Effect of connection pooling on node.js performance

Node.js is popularly known for its asynchronous, non-blocking and event-driven I/O model and the scalability it can achieve in executing I/O bound operations.

However, a developer must keep in mind that there are some things which can severely limit the scalability of the Node.js application. I have earlier already covered How DNS resolution is a blocking call in node and must be handled to achieve scalability

In this post, I am going to cover connection pooling. I have observed that connection pooling is a critical engineering decision which is easily ignored while developing node.js applications. While interacting with any external resource such as MySQL, PostgreSQL, Redis or MongoDB, each of it requires a connection pool for any sizeable node.js application.

To demonstrate this, I am going to compare two programs, one without pooling and one with pooling and a simple database query.

I have this simple function which makes a call to database.

function callback(){
	process.exit();
}

function hitQuery(callback) {
    var user_query = "select count(*) from user u, access_code uac, user_location_info uli   where u.id = uac.user_id and u.id = uli.user_id"


    connection.query(user_query, function(err, rows, fields) {
        if (err) throw err;

        if (rows.length == 0) {
            console.log("No device token found for user: " + 16182);
            callback(null, null);
        } else {
            var deviceToken = rows[0]['device_token'];
            callback(null, rows[0]);
        }
    });
}

hitQuery(callback);

If I execute this and time it, it takes an average of 1.5 - 2 seconds

$ time node paralleltest.js

real	0m1.756s
user	0m0.159s
sys	    0m0.017s

Lets, now run multiple of such queries in series first. I slightly change my program to this version:

async.series([function(callback) {
        hitQuery(callback);
    }, function(callback) {
        hitQuery(callback);
    },
    function(callback) {
        hitQuery(callback);
    },
    function(callback) {
        hitQuery(callback);
    },
    function(callback) {
        hitQuery(callback);
    }
], function done(err, results) {
    console.log(results);
    process.exit()
});

When I execute this version where I am making 5 calls in series, I get an average of 8 - 9 seconds

$ time node paralleltest.js

real	0m8.579s
user	0m0.178s
sys	    0m0.019s

Lets make this to parallel now, common sense says that the wall clock time should be much faster in case of parallel.

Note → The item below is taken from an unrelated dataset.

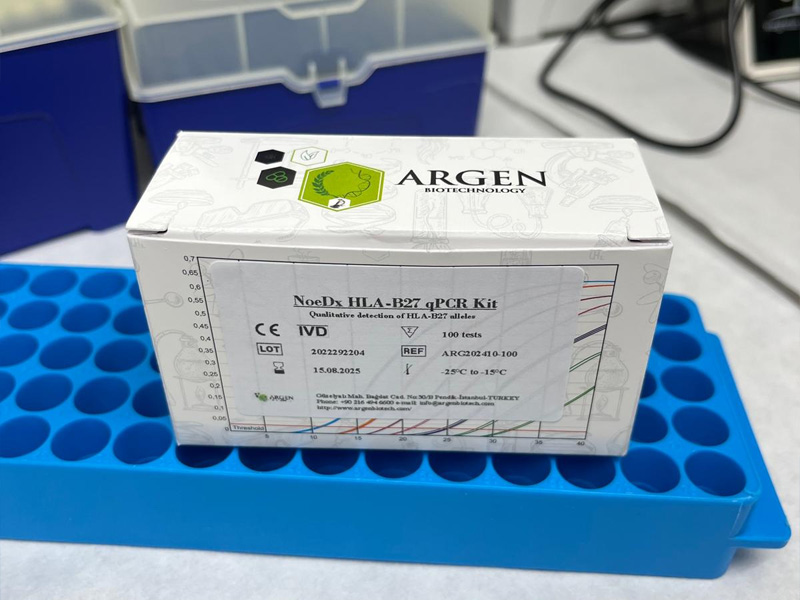 NoeDx HLA-B27 qPcr Kit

async.parallel([function(callback) {
        hitQuery(callback);
    }, function(callback) {
        hitQuery(callback);
    },
    function(callback) {
        hitQuery(callback);
    },
    function(callback) {
        hitQuery(callback);
    },
    function(callback) {
        hitQuery(callback);
    }
], function done(err, results) {
    console.log(results);
    process.exit()
});

Now, If I time this verison, where I am making 5 calls in parallel.

$ time node paralleltest.js

real	0m8.168s
user	0m0.165s
sys	    0m0.018s

I still get the almost same wall time clock. If you closely observe the time output, the bulk of the time is not even spent in our program. Bulk of the time is actually spent in waiting to get the connection back from mysql, since we are re-using the single connection again and again. Thus, there is literally no performance gain inspite of making the calls in “parallel”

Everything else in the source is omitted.